##### Data listing #####

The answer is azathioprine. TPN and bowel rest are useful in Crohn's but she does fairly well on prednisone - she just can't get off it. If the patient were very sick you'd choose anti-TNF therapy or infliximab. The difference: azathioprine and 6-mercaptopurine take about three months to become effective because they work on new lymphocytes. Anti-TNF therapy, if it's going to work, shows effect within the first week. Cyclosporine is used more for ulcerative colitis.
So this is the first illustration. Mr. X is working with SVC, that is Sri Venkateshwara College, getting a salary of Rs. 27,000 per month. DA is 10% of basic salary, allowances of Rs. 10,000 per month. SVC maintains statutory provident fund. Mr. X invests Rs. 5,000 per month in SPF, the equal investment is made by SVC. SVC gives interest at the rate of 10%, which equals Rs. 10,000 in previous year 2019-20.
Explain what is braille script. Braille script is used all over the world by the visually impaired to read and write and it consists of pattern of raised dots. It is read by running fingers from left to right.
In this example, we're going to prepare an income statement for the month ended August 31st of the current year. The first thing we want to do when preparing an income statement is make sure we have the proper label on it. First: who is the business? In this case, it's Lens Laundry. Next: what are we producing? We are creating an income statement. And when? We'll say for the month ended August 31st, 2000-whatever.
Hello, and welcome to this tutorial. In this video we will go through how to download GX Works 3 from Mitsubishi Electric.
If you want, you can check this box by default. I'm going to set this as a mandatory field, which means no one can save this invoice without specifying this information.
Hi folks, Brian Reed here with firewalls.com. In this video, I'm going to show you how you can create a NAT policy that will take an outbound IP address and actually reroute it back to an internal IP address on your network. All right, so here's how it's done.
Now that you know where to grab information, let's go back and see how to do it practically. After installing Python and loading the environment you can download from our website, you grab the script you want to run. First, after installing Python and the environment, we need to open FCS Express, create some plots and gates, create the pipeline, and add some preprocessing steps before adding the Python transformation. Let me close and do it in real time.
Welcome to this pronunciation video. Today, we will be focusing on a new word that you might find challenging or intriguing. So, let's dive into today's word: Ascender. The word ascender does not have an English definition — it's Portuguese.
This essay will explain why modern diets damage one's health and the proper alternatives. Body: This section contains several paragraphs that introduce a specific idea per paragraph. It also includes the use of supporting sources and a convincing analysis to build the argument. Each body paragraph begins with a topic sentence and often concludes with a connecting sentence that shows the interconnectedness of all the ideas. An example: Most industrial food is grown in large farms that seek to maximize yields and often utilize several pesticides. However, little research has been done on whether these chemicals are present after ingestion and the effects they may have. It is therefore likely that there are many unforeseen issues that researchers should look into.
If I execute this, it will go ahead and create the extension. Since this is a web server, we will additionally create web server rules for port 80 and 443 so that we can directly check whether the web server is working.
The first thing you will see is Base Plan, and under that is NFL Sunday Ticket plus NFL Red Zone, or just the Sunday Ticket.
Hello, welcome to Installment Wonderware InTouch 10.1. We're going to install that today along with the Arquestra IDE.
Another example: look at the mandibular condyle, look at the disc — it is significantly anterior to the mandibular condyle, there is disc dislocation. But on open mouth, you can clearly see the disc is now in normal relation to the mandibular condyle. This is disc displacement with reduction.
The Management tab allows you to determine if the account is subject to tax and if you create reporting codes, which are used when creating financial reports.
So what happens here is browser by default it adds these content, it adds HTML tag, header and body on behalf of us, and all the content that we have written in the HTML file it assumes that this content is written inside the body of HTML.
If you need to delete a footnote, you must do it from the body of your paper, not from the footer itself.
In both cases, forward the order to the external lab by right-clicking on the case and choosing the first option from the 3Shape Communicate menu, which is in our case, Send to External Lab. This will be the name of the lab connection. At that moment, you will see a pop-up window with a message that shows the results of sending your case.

#####

§ What to produce
Starting at the line that contains "If you need", copy each line through the last line of the listing, and copy nothing else.

§ Worked solution
If you need to delete a footnote, you must do it from the body of your paper, not from the footer itself.
In both cases, forward the order to the external lab by right-clicking on the case and choosing the first option from the 3Shape Communicate menu, which is in our case, Send to External Lab. This will be the name of the lab connection. At that moment, you will see a pop-up window with a message that shows the results of sending your case.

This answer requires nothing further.